The work that went into the brand – from hours of research, a lot of her own money and days of solo (wo)man power – are finally paying off, no doubt aided by the renewed focus lockdown has given her. She launched a collection in support of MIND charity over lockdown- inspired by her own mental health struggles and how in awe she was of the work the charity does.

“I am now working on my own designs as well which I should be able to get out within the next 5 months and that will make me feel really unique,” she says, “For me, it is about giving women confidence- the feeling they can take on everything. That is what it gives me.”

Whilst her unexpected unemployment was the catalyst for real brand expansion; 2020 has taught Georgia other lessons as well.

“Growing up I have dealt with a lot of racism – especially growing up in Essex which is a predominantly white area,” she says, “The first time I heard the N word was when I was in primary school and someone came up to me in the playground and called me that. I was told they couldn’t play with me because I had brown skin. That stuff really does affect you. When you are being judged at five years old because of the colour of your skin- that trickles through to adulthood massively, when you are the only person of colour on the team.”

The legacy of her experiences with racism came to a head when deciding how to market her brand.

“When I was starting I thought about it a lot and I really thought- because of all the prejudice I faced- are people going to not buy from me because of the colour of my skin? I didn’t want people to think that. I hid behind my business from day one.”

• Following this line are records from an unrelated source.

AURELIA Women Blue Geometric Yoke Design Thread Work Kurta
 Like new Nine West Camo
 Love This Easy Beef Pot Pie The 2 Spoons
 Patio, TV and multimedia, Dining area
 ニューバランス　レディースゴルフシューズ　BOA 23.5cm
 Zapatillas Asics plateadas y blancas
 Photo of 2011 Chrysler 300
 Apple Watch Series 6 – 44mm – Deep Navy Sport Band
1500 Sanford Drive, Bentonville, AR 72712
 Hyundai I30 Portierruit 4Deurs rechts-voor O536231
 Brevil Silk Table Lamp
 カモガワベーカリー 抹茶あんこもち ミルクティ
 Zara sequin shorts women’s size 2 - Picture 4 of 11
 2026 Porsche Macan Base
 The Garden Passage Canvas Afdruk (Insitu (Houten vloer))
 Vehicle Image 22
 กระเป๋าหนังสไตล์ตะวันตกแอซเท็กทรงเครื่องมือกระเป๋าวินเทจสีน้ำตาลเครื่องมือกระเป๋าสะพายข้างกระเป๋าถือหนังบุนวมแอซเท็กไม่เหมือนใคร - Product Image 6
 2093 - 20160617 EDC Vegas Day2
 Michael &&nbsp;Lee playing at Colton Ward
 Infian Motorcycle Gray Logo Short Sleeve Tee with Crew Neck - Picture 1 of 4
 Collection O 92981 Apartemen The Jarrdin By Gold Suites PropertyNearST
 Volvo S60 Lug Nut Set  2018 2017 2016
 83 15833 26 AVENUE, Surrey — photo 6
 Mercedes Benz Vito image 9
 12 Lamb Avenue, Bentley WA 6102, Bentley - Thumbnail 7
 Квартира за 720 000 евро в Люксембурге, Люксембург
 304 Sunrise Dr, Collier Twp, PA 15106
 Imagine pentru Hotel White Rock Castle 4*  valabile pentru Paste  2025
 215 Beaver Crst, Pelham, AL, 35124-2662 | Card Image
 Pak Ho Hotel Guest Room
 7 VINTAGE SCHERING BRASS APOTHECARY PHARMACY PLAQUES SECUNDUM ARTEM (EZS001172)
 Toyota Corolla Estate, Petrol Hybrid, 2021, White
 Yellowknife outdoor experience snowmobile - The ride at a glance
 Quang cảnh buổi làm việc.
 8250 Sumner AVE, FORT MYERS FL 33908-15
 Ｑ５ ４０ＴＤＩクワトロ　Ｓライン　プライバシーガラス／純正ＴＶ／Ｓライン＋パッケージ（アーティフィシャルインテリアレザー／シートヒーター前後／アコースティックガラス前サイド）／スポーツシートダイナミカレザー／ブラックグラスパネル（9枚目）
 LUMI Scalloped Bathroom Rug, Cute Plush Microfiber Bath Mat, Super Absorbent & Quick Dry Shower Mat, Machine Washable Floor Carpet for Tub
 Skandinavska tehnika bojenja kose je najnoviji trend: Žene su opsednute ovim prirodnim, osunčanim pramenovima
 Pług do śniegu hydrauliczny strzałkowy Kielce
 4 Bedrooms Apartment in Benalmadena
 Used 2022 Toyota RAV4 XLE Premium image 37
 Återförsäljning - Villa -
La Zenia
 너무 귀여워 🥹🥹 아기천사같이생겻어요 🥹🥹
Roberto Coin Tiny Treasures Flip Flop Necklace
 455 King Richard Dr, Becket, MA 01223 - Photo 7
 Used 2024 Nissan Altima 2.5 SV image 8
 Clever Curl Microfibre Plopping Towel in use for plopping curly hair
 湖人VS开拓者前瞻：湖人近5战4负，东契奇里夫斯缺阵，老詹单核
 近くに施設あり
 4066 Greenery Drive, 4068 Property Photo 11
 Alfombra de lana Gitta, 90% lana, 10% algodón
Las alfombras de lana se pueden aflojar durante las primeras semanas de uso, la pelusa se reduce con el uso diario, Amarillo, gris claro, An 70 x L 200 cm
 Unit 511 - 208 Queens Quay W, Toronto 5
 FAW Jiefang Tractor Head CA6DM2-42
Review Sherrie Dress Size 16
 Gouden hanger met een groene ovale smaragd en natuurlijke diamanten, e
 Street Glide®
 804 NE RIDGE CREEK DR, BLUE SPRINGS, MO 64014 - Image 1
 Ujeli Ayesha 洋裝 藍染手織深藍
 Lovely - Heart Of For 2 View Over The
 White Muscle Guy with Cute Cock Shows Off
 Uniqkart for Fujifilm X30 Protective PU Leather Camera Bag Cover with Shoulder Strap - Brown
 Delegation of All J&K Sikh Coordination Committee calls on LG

But this summer, and the resurgence of Black Lives Matter, changed all of that.

“I had to sit down and really understand what I am doing and think about what my brand stands for. I’ve created this brand that I am so proud of- but I don’t want anyone to know it’s me. If it is all about confidence but the person who started it doesn’t have the confidence to really put her name to it- what does that mean?” she says, “. My whole life I have never found my voice and lockdown has made me learn to love myself a little bit more and has given me the confidence to speak out. When you see others doing it, it really helps you to do it. Now I really feel like I have to stand up and not be afraid.”

Now Georgia’s brand, with her proudly at the helm, is surging onwards. With her own lessons learnt during lockdown, she has this advice for any young woman keen to start a business now- particularly women of colour.

“Just never worry about what other people think of you. Stay persistent and stay true to yourself.”